EXERCISE INSTRUCTIONS ▸
Your answer is the lines below, exactly, from the one that contains "TREKKING, TOUR & TRAVEL COMPANY" through the one that contains "Ubiquiti Switch UniFi", both included.

MATERIAL FOR THIS EXERCISE ▸
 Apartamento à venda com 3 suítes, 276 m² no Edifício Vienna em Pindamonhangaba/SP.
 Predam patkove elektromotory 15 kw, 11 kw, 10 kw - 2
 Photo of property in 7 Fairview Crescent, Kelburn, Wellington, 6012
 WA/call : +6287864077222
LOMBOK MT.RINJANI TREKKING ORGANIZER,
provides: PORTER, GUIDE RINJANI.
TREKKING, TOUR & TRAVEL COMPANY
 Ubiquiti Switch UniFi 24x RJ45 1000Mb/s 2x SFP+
---
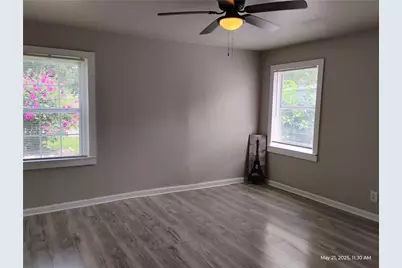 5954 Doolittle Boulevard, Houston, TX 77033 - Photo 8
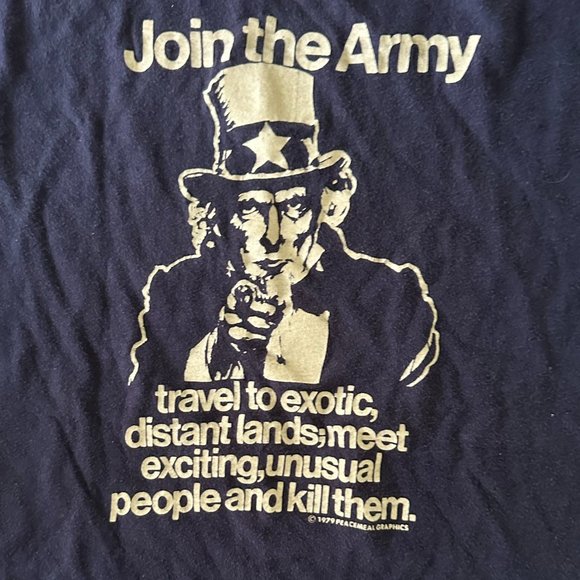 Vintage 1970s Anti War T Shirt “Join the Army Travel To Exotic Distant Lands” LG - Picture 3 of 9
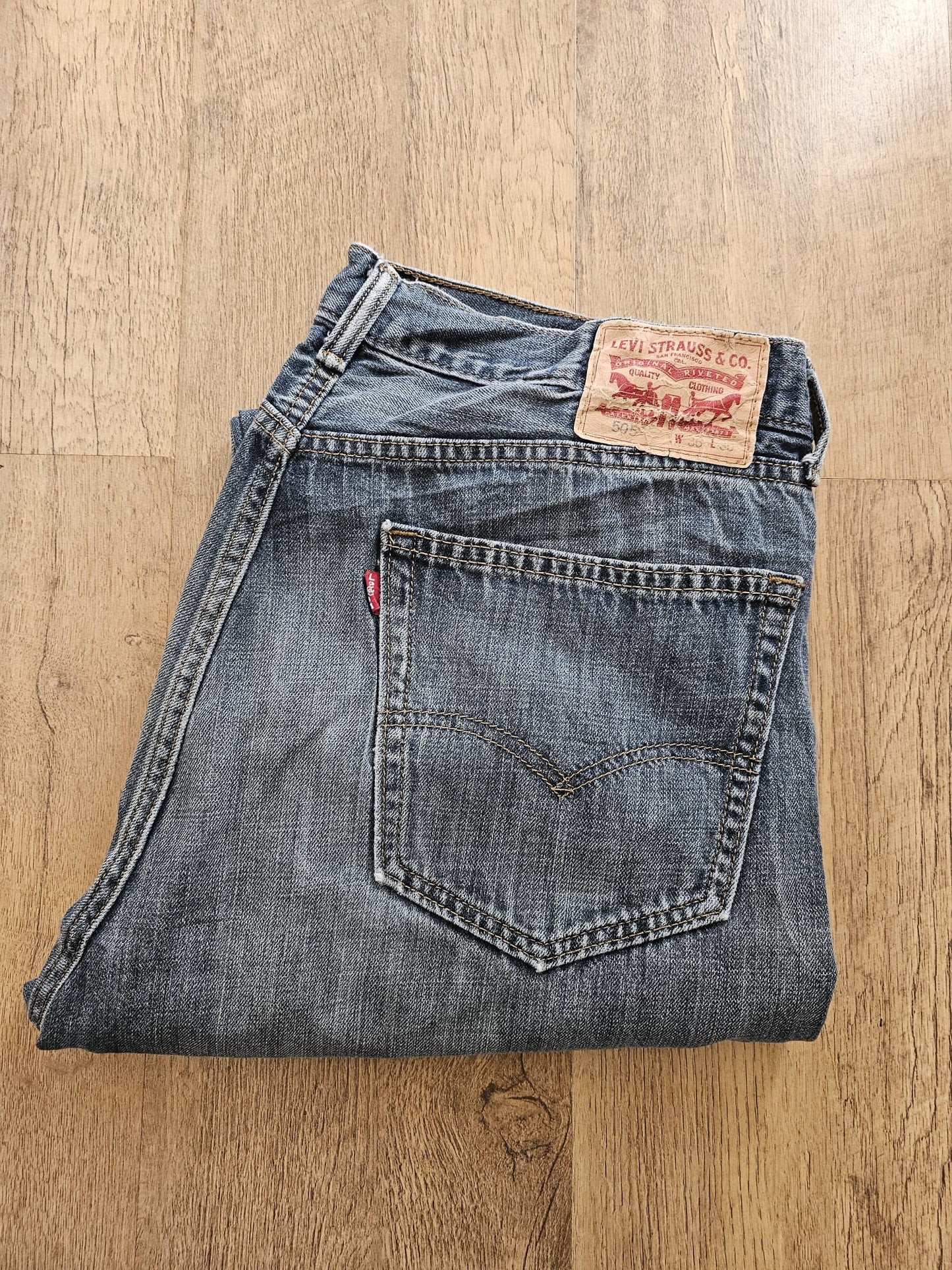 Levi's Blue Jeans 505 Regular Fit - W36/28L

REPLY ▸
TREKKING, TOUR & TRAVEL COMPANY
 Ubiquiti Switch UniFi 24x RJ45 1000Mb/s 2x SFP+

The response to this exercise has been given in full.